West of the Jordan River
(Israel/France, 88 min.)
Dir. Amos Gitai
In 1982, a renowned Israeli director Amos Gitai visited the occupied territories of the Gaza Strip and the West Bank to film Field Diary, a documentary that chronicles the region’s escalating tensions. At the time, Gitai and his crew were deeply concerned about the daring vehemence of the right-wing Israeli movement.
In his new documentary, West of the Jordan River, which has its North American premiere at VIFF, Gitai resumes the discussion he started in the 1980s with vigor, resilience and determination. Through multiple interviews with journalists, activists, civilians and politicians, Gitai voices a wide range of concerns, ideas and forewarnings that have infiltrated the area. With his attentive dialogues and provocative conversations, the filmmaker makes the audience ponder the permeating conflict between Israel and Palestine.

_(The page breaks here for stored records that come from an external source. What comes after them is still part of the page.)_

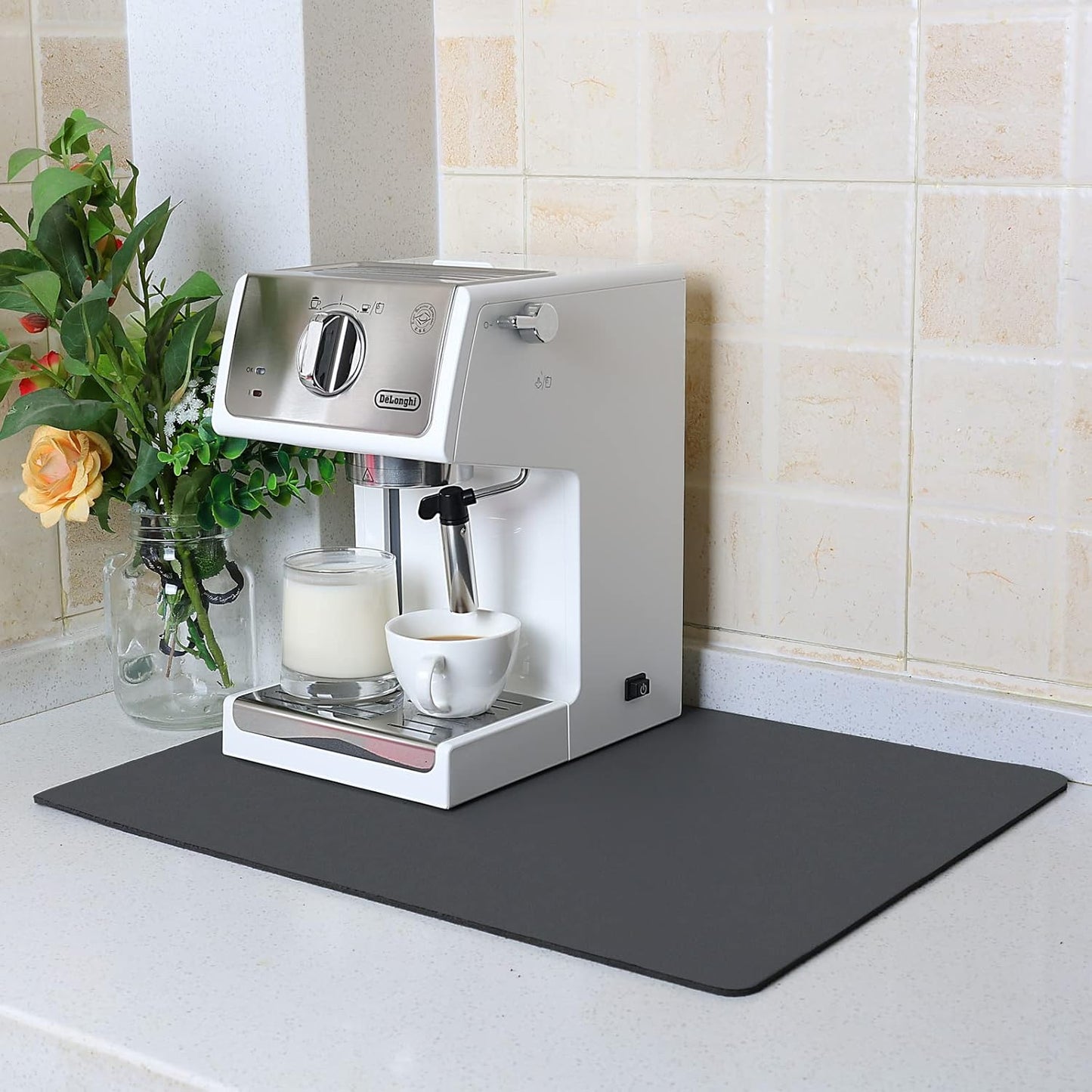 ZLR Coffee Mat - 16" x 24" Extra Large Kitchen Hide Stain Absorbent Dish Drying Mat for Countertop - Easy to Clean Coffee Bar Mat for Espresso Machine and Spill Protection - Dark Gray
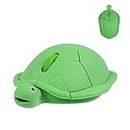 Cute Frog Shape Wireless Mouse, 1200DPI Ultra Small Cordless Animal Mouse with USB Receiver for Travel Laptop Computer PC Desktop, Portable Mini Wireless Optical Mice for Kids Children (Green)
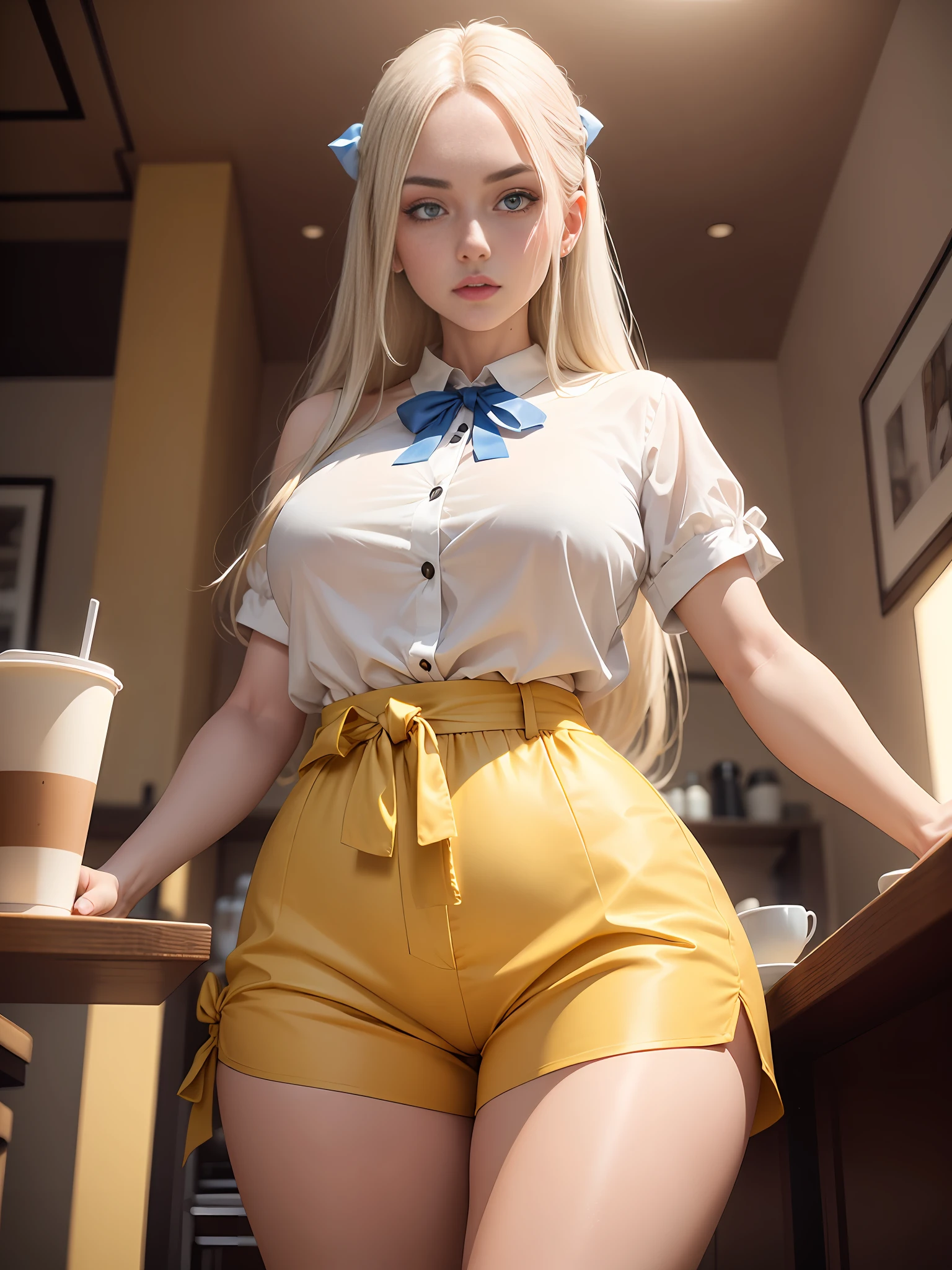 1girl, white skin, mature, yellow really long hair, thick eyebrows, blue colored eyes, mole below eye, thirsty, blue cropped blouse with ribbon, white silk shorts with side slits, well built, small waist, widest thighs, wide thigh gap, one hip forward, standing, in coffee shop, shot from below, 8k, photorealistic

The film mostly features images and voices of the present with a few scenes dating back to 1994 including the interviews Gitai shot with former Israeli prime minister Yitzhak Rabin prior to his assassination. Advocating for a peaceful solution to the Israel-Palestine conflict, Rabin was assassinated by a right-wing Jewish extremist in 1995. Since then, the attempts to restore the once-affable Israel-Palestine ties have been eradicated. Through offering the footage of Gitai’s interviews with Rabin in 1994, the filmmaker pays tribute to the former leader’s attempts to build fertile dialogue and condemns the contemporary Israeli leadership.
While Gitai mostly articulates the views of the liberal Jewish-Arab community, he interviews a few right-wing Israelis, such as deputy minister of foreign affairs Tzipi Hotovely. Like most of the contemporary Israeli politicians, Hotovely doesn’t follow Rabin’s legacy of peaceful negotiations. She opposes the two-state solution and rejects to use the term “occupation,” a growing tendency among the rightward movement.

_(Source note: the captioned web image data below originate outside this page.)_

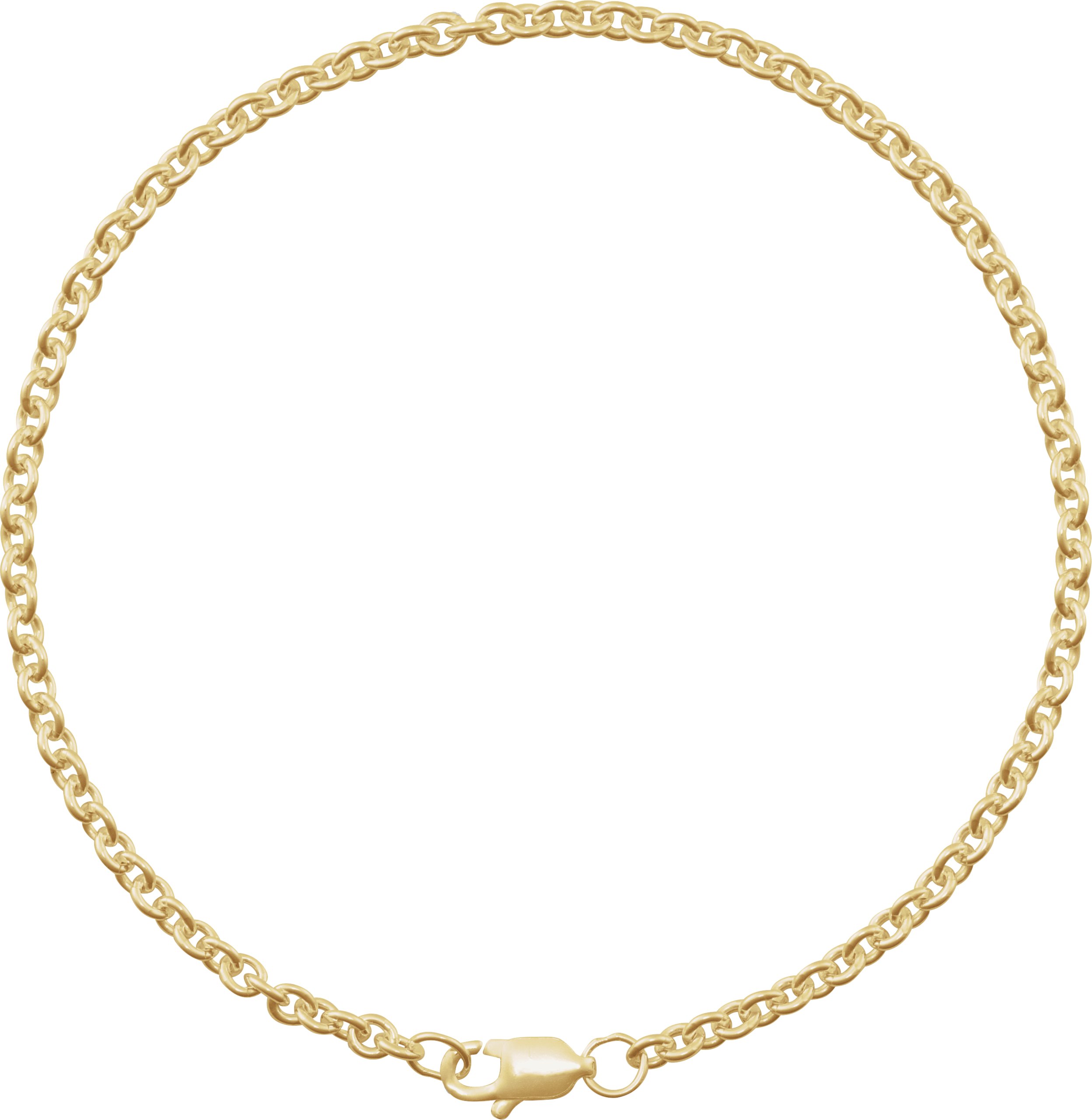 14K Yellow Gold-Filled 2.4 mm Cable 7 Chain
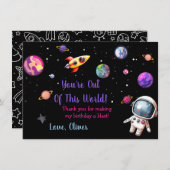 Van deze wereldastronautenruimte dank je wel bedankkaart (Voorkant / Achterkant)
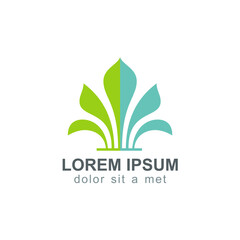 An abstract logo showcasing a botanical-inspired design, blending natural shapes with modern simplicity, evoking feelings of growth, freshness, and harmonious balance in its presentation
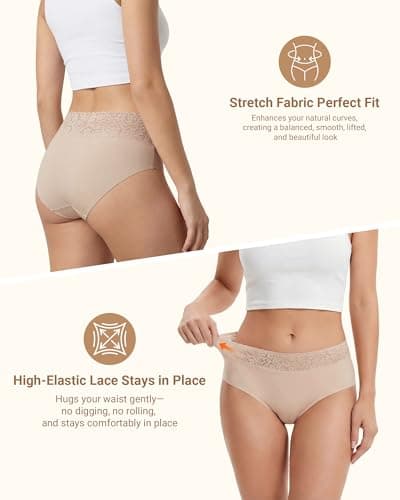 Cevapro Seamless Underwear for Women, Soft Breathable Lace Briefs, Invisible Laser Cut Panties for Women Daily Wear 5 Pack (US, Alpha, Small, Regular, Regular, Multicolor 5) - Thumbnail 5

Hotovely’s views illustrate the qualms of the left-wing journalists and members of NGO organizations with whom Gitai also speaks. An Israeli journalist, Ari Shavit, for instance, dreads that the current Israeli legislations will bring the country to an end. According to Shavit, the Israeli colonization of the Palestinian land contradicts Jewish and Zionist values. He argues that if Israel doesn’t change its policy in the next ten years, it will “pass the point of no return,” which is the recurrent expression throughout the film.
Gitai approaches all his subjects, Palestinians and Israelis, with straightforward and explicit questions. His alluring personality and palpable passion for the topic enlivens the film, which otherwise might have come across as uninteresting. While the structure of his documentary is pretty trivial, consisting almost solely of in-person interviews and conversations, Gitai’s resilient pursuit of answers is captivating and resonant.
Gitai’s portrait of the current Israel-Palestine relations is both enrapturing and harrowing due to its high level of pragmatism. Gitai doesn’t spare any time on aesthetic components of his film. Rarely does one come across an artist who is so obviously indifferent to his work’s visual representation. West of the Jordan River, despite being aesthetically simplistic, is a documentary of astounding complexity and force. Not only does it encompass the efforts and failures to end the Israel-Palestine perpetual struggle, but it captures the political and social attitudes of Palestinian and Israeli populace with the level of detail unfamiliar to mainstream media.
In Gitai’s interview with Rabin in 1994, the former prime minister says, “we must first make intermediate steps which would bring, by their success, evidence that peaceful coexistence is possible.” Gitai exemplifies Rabin’s objectives by ending his film at the backgammon tournament between Israelis and Palestinians. This peaceful and joyful event shows both people sharing the same culture and illustrates “the step” that people take towards reaching agreement and achieving unity. Ending his generally somber film on such an amiable note isn’t idealistic, but is realistic and pragmatic as it echoes the region’s existing and poised longing for tolerance.